* _TASK STATEMENT_: Set down the whole listing below exactly, without pictures.

* _DATA SECTION_:
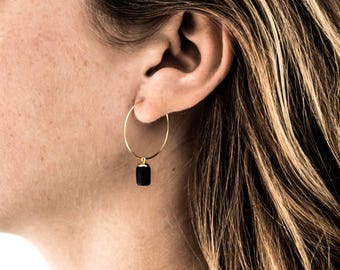 Gold Hoop Earrings - Tiny Weight Charm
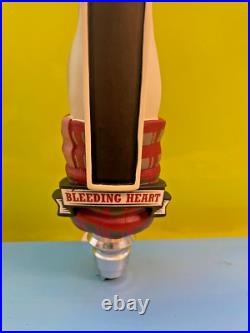 Bleeding Heart Brewing BEER KEG Tap Handle 10 Palmer ALASKA AK Alaskan Brewery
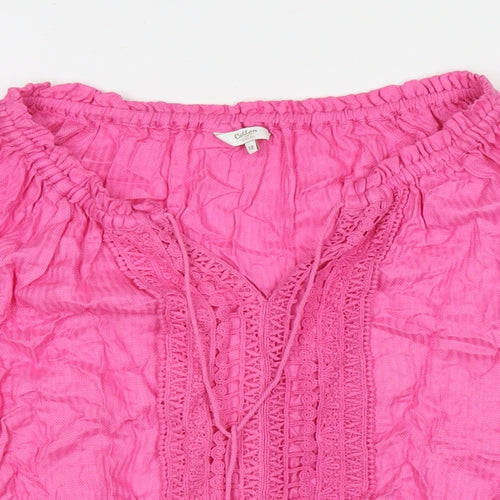 Cotton Traders Womens Pink Viscose Basic Blouse Size 10 Round Neck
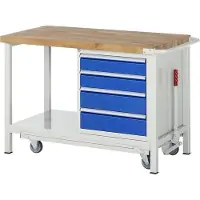 RAU Mobile absenkbare Werkbank, Ablageboden, 4 Schubladen - Vollauszug - 120:2 / 150:2 - 880 x 1.250 x 700 mm (HxBxT) - Traglast 1.250 kg - Buche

* _RESPONSE BOX_:
 Gold Hoop Earrings - Tiny Weight Charm
 Bleeding Heart Brewing BEER KEG Tap Handle 10 Palmer ALASKA AK Alaskan Brewery
 Cotton Traders Womens Pink Viscose Basic Blouse Size 10 Round Neck
 RAU Mobile absenkbare Werkbank, Ablageboden, 4 Schubladen - Vollauszug - 120:2 / 150:2 - 880 x 1.250 x 700 mm (HxBxT) - Traglast 1.250 kg - Buche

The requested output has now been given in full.